The first signs of trouble came to this hockey Camelot in 1975, when it was reported that one of the NHL's most successful teams at the box office was on the brink of financial disaster. There were rumors, denied by the Salomons, that the team would move to New Orleans. The problems centered on losses incurred by the Missouri Arena Corp., which owned the building and the hockey club. There were reported losses of $2 million in 1974. "We had such great early success, that I think the Salomons thought it would be easy," Kelly says. "I think he died of a broken heart," Kelly adds of the elder Salomon. "He really loved the Blues. When he moved to Florida, I think he was most sad to leave the hockey team that he gave so much to build."

The unsung hero in the Blues story may very well be R. Hall Dean, who was head of the St. Louis-based Ralston Purina Company in 1977. Dean had met Emile Francis, the Blues general manager, at a St. Louis Cardinals baseball game; when the team looked as if it might go out of business Dean stepped in and Ralston Purina purchased the franchise. Many observers believe Dean has not gotten enough credit for helping save the Blues. When Dean retired, the sentiment at Ralston Purina shifted, the hockey business was not for them. Ralston Purina decided to sell the team to a group from Saskatoon, Saskatchewan. When the NHL would not approve of Ralston's request to have the team sold and moved, Ralston abandoned the team and sued the NHL. The League's position, as stated publicly, was that the fans in St. Louis had supported the Blues for 16 years and the League could not abandon them. To that end, the League sought an owner who would keep the Blues in St. Louis.

Harry and Ruth Ornest, who kept the Blues in St. Louis in 1983.

Enter Harry Ornest, a Beverly Hills businessman, who in the summer of 1983, made another big save to keep the team in town. He brought in Jack Quinn to be the Blues president and Ron Caron to be vice president and general manager, the management team that is responsible for their rebirth on the ice. In October of 1986, Ornest concluded negotiations with a group of St. Louis businessmen in a limited partnership headed by Shanahan.

The NHL Board of Governors approved the sale that December. The Blues Investors include many of the largest corporations and banks in St. Louis, among them, the company long associated with successful sports promotion, Anheuser-Busch Companies, Inc., owners of the St. Louis baseball Cardinals.

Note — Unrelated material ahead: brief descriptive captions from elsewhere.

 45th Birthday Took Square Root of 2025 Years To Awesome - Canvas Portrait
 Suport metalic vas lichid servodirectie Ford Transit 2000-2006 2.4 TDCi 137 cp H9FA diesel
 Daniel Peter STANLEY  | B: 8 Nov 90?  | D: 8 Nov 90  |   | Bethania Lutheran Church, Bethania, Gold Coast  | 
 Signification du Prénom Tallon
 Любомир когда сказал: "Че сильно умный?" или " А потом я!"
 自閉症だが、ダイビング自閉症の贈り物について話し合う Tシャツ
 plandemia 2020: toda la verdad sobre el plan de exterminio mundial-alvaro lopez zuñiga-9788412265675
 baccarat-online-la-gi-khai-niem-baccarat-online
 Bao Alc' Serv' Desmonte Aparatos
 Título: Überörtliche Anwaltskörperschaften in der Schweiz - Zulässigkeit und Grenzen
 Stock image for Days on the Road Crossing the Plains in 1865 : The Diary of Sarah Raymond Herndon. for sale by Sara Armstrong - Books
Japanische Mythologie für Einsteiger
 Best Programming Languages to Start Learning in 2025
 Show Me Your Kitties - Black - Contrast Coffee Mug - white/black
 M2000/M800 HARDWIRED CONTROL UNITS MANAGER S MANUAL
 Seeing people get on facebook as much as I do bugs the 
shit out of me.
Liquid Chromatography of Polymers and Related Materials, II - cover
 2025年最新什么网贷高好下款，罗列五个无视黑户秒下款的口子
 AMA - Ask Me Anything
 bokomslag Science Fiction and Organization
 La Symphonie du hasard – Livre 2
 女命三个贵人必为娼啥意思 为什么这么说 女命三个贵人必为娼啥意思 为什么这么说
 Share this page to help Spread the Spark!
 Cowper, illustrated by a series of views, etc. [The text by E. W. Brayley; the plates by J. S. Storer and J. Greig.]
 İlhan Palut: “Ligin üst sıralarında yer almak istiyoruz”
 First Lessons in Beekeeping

Shanahan goes about his business in the goal-oriented manner expected of a businessman. He would like to realize an annual season ticket growth rate of 25 percent. His efforts have begun to pay off-season ticket sales grew by 2,000 this season to a total of over 8,000. "In Jack Quinn and Ron Caron, we have people more than capable of running a sports franchise," says Shanahan. "How well you hang in there depends on those players. Susie Mathieu is now a vice president of marketing and public relations. She has done a terrific job of promotion. We're a much stronger unit internally; we're far more cohesive. We are creating a new professional atmosphere."

Jack Quinn

Hopes are high for the franchise and Shanahan is as much of the reason as the product on the ice. "He's out campaigning for this club every day," observes Kelly. "He goes to every barbeque, dinner and breakfast. He is very visible, and a native of St. Louis who is very highly regarded by his peers in the community." "Mike's probably gone to 90 events on behalf of the team this year," says Quinn. "And we usually have four players in every charity event. Now we have to continue to work on public awareness and education about the sport. There was a lot of panic in the operation of this team in the past," Quinn adds. "One gentleman called this year and said, 'Put me down for four season tickets,'" Quinn recalls. "'I'm not a hockey fan,' the man said, 'but I appreciate what Shanahan has done for the city and the franchise.'"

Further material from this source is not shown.